Covering 672 square kilometres overlying the Brahmani-Baitarani delta, the mangrove forests and wetlands of the BHITARKANIKA WILDLIFE SANCTUARY constitute one of the richest ecosystems of its type in India. As well as over two hundred species of birds, it’s a refuge for saltwater crocodiles, monitor lizards, rhesus monkeys and a host of other reptiles and mammals, and incorporates the Olive Ridley turtle nesting beaches at Gahirmatha, Rushikulya and Devi. Bhitarkanika is open throughout the year, but the best time to visit is November to March, when most of the migratory birds that flock to the sanctuary are in situ, although the nesting season for the herons usually ends around the middle of November. If you’re hoping to witness the arrival of Olive Ridley turtles, check first at the OTDC tourist office in Bhubaneswar to find out exactly when – or indeed if – they are expected. Other highlights include the crocodile conservation programme at Dangmar Island and the heronry at Bagagahana.

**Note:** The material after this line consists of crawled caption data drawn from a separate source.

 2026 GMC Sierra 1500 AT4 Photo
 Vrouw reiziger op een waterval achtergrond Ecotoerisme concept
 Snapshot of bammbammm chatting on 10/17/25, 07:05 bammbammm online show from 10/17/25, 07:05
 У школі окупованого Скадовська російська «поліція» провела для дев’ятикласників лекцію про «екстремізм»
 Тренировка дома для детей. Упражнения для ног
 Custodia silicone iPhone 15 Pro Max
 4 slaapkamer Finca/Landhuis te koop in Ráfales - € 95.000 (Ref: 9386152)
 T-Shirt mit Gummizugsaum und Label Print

Every year around February or March, a strip of beach at the end of Orissa’s central river delta witnesses one of the world’s most extraordinary natural spectacles. Having swum right across the Pacific and Indian oceans, an average of around 200,000 female Olive Ridley marine turtles crawl onto the sand to nest. Almost as soon as the egg laying is complete, they’re off again into the surf to begin the journey back to their mating grounds on the other side of the world.

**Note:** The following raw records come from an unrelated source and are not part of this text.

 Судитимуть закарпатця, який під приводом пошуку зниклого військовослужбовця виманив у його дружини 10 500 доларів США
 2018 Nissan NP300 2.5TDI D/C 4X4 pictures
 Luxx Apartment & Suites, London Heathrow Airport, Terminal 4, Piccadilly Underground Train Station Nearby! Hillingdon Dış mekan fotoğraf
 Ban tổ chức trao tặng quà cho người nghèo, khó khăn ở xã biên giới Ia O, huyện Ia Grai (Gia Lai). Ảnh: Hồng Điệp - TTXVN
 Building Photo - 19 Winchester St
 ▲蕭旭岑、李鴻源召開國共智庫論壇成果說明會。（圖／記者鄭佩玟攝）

No one knows quite why they travel such distances, but for local villagers the arrival of the giant turtles has traditionally been something of a boon. Turtle soup for breakfast, lunch and dinner…and extra cash from market sales. Over the years the annual slaughter began to turn into a green gold rush, and turtle numbers plummeted drastically until the Bhitarkanika Sanctuary on Gahirmatha beach, 130km northeast of Bhubaneswar, was set up in 1975 at the personal behest of Indira Gandhi. Weeks before the big three- or four-day invasion, coastguards monitor the shoreline and armed rangers aim to keep poachers at bay. For wildlife enthusiasts it’s a field day.
In recent years, however, environmental threats have impacted on the turtles’ habitat. Several hundred local families have begun to cultivate land within the sanctuary, water quality has been jeopardized by the growth of illegal prawn farms, and trawlers have been caught illegally fishing in the area without “turtle excluder devices”. The turtles are further menaced by industrial pollution and the construction of a large seaport at Dhamra, 15km from Gahirmatha. Several conservation organizations, including Greenpeace and the WWF, are monitoring the area. To give a scale of the problem, in January 2010, the bodies of around one thousand dead turtles (according to official estimates) were found on the beach; although this is horrifyingly high, it was less than half of the figure for the previous year.